It’s good that the administration is engaging in these calls because we get to hear more details about their budget instead of the usual MSM drone, but I’m not sure that bloggers are happy with the overall conversation since once we got into the details of arguing different cuts, it looked as though we were buying into the White House frame that the cuts were urgently needed in the first place, and many of us don’t believe that’s true.
The audio of the call is in our media player–above. What do you think?
Baer’s opening remarks focused on “shared sacrifice.”
My question: “When you’re talking about shared sacrifice, clearly, the working and middle class is getting a disproportionate slam everywhere they turn with this budget, and you’re talking about a few, what sound like token items to the rest of us out here, and I wonder how you rationalize that during this severe economic recession.”
Baer said people got that impression from the stories that were released early, without looking at the big-budget picture. (Click here.)
David Dayen at FDL was also on the call.
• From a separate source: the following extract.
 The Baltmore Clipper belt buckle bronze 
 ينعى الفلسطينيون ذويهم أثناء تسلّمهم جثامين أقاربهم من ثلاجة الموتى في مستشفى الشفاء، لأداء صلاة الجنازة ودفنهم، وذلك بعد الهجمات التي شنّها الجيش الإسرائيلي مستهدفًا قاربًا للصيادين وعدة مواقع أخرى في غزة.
His post draws similar conclusions. There’s an insane explanation of why the White House version of draconian cuts is better because of the timing of undesirable cuts. It seems straight out of newspeak world. It appears that the White House is still very confused about basic economics and multipliers. They appear to believe that March is an unsafe time for cuts but by October, recessionary budget cuts will be hunky dory.
Didn’t the mess they made of the first opportunity to get a stimulus right teach them anything? Do they really think they can finesse every economic variable to acquiesce to a hope and dream speech at a particular point in time? After all, they’ve done such a bang up job with the labor market already that we still have record rates of long term unemployed and full on market exits. How do you get a president re-elected when the lowest unrealistic unemployment rate you can offer up is around 7.5%? Even the Gipper was getting nervous about a re-election attempt with rates that high. Reagan’s administration switched to massive recapitalization of the military ala Keynesian stimulus to buy a re-election boost.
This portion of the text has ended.